The first event in the sequence is the emergence of symptoms at a level which triggers notice by farm workers.  A little bit of coughing by the pigs when they get up may be considered normal or due to typical ambient dust conditions or air quality in the barn.  What constitutes the change from “a little bit” to an abnormal level is a judgment call reserved to the observer.

Even if a protocol of reporting symptoms is standardized, workers have varying ability to sense the early and often subtle emergence of economically and welfare significant diseases.  They can be tired, busy, otherwise distracted or simply forgetful.  So even when noticed and considered, there will be variation in how severe the symptoms are judged to be and whether they have reached a reporting threshold. 

Once a worker believes the symptoms have reached a reporting level, there is an inevitable lag associated with the ability to respond which can be caused by many things.  For instance, the potential necessity of an on-site veterinary consultation first, the determination of which treatment to deploy and in the case of some pharmaceuticals, researching legal requirements assuring compliance with regulatory restrictions, prescribed withdrawal periods before sales of animals and other limitations should they exist.

After a decision to treat is made and the treatment of choice selected, there are variances in the timeliness of transporting the medication to the site and administering it.  Adding to this variable, sequential process already described is the variance in time required, dependent on mode of delivery to the animal (by feed, water, injection etc.) to reach threshold levels of efficacy in all the affected animals.  After all of this has occurred, some of the animals may die anyway and others may never fully be restored to previous growth and efficiency trajectories which were possible before they became sick. 

It is very likely that subpopulations of animals develop when diseases emerge to symptomatic levels.  Subpopulations form around animals that are similarly, differentially affected by the causative organisms.
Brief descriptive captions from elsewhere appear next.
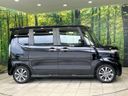 2025 Honda N-BOX CUSTOM 6BA-JF5 (UW-6a5aee96603a0)[10]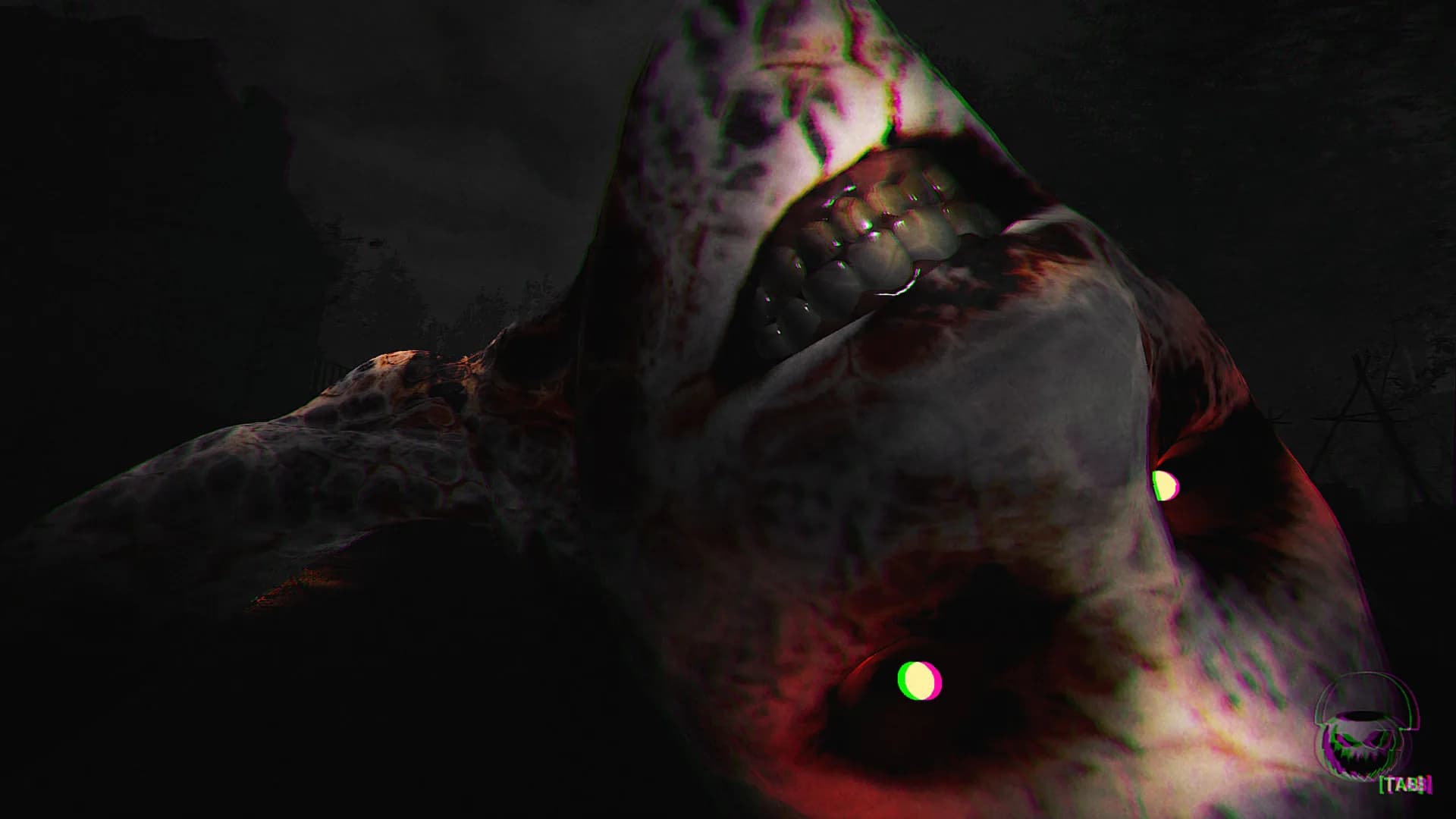 Horror Globes görsel 4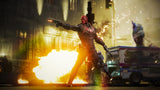 Gotham Knights PS5 New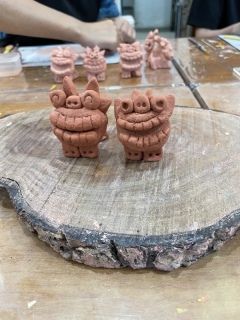 ARURU WEDDING_アドバイス写真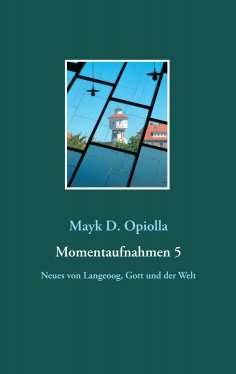 eBook: Momentaufnahmen 5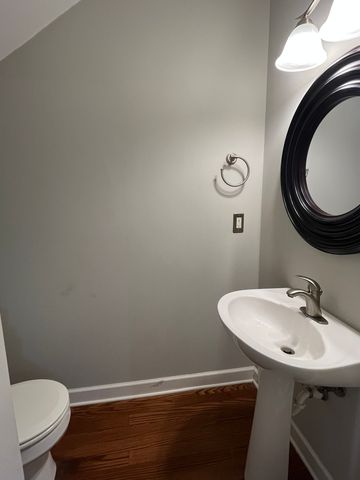 735 Tulip Grove Rd Apt 223, Hermitage, TN 37076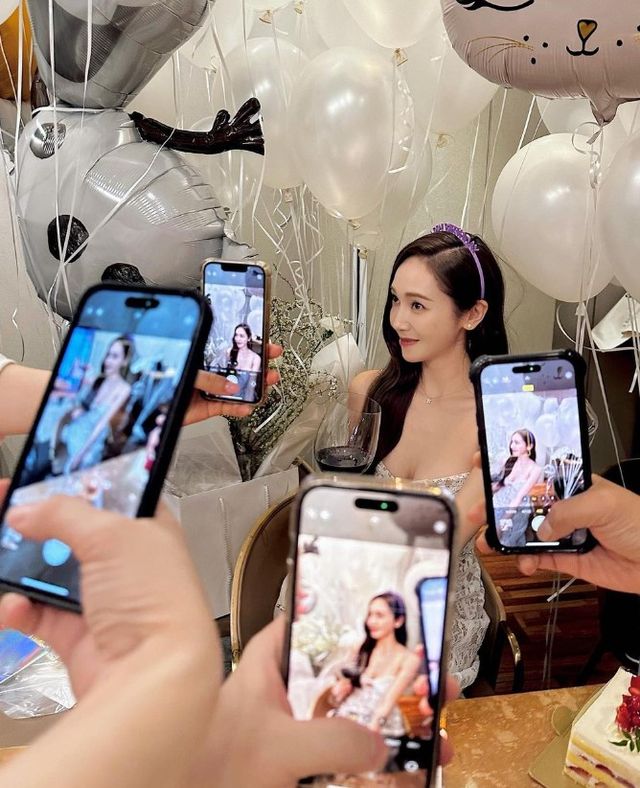 사진=제시카 인스타그램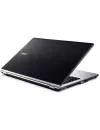 Ноутбук Acer Aspire V3-574G-77RB (NX.G1UEU.008) icon 5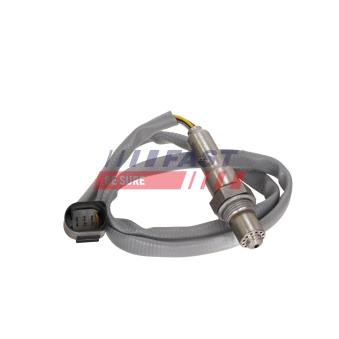 Sonde lambda FAST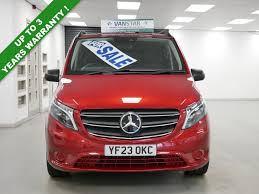 Image result for Jupiter Red 2016 Vito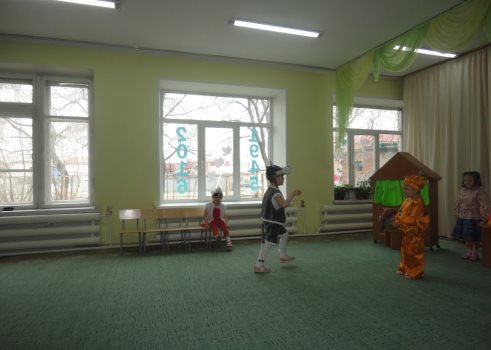 C:\Users\user\Desktop\DSC06042.JPG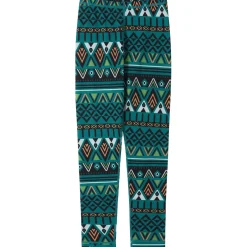 Reima Taitoa Thermal Base Layer Set - Kids'-Kids Girls Snow Clothing|Kids Snow Clothing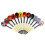 14G Safety Darts Set with 12Pcs Darts Shaft42Pcs Flights100Pcs Tips Training Tool 8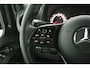 Mercedes-Benz Sprinter 317 170PK L2H2 | Automaat | Airco | Cruise | Camera | Stoelverwarming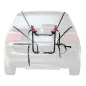 Portabicicletas para Coches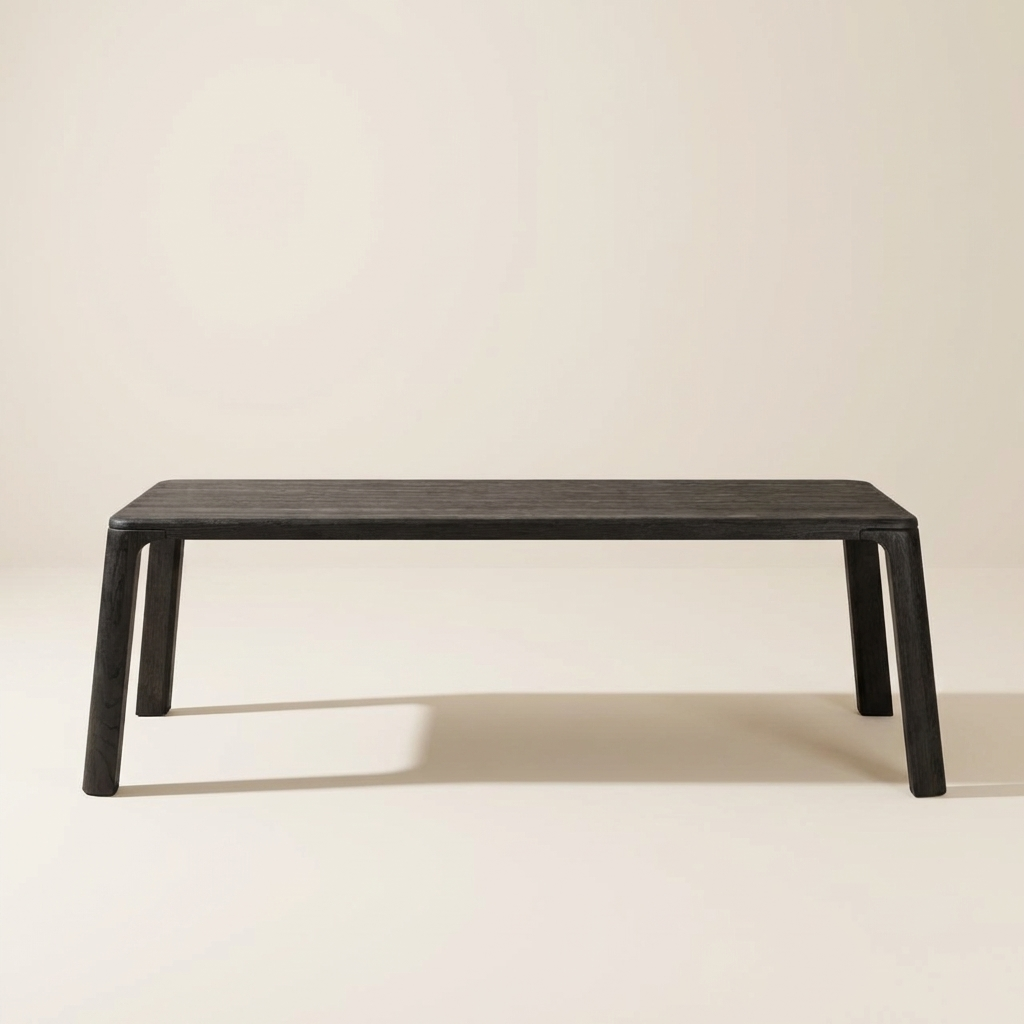 Eettafels
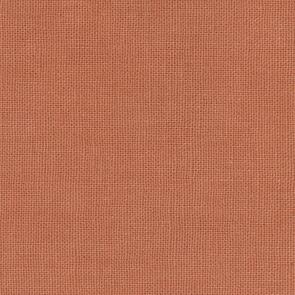 Devonstone Linen Cotton Burnt Clay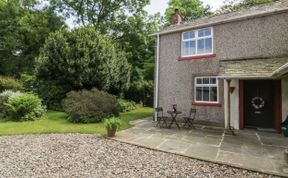 Photo of Gardeners Cottage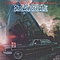 Blue Oyster Cult - On Your Feet Or On Your Knees album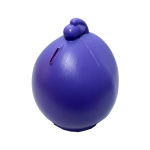 Angry bird till ( PLASTIC )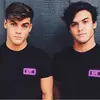 Ethan Grayson - @ethanandgraysonu - TikTok
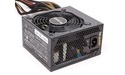 Be quiet! System Power 7 500W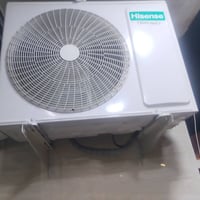 سبلت انفيات للبيع طن ونص للكاظميه الطي. 07718628099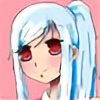 Bluebloodroses's avatar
These subpopulations within the barn form their own distributions of feed intake, growth, deathloss and efficiency of growth.  In group or batch systems, these subpopulations are often not visible to the farm workers and therefore they are not differentially treated leading to increased sub optimization and profit loss.  Lastly, many animals which were completely unaffected may be treated with full therapeutic doses which is costly, inefficient and may cause other problems.

A further consequence of all of this is that the perceived “average” pig in the barn will be used to calculate the economics of treatment.  We will be able to show in future articles how failing to recognize the distributions and subpopulations within the barn almost always leads to an underestimate of the cost of disease and the benefit of vaccination or treatment.  Preventing the profit damaging effects of disease forms the foundation on which precision technologies and more accurate calculations can be undertaken.  Prevention is simpler, more effective and more profitable than treatment.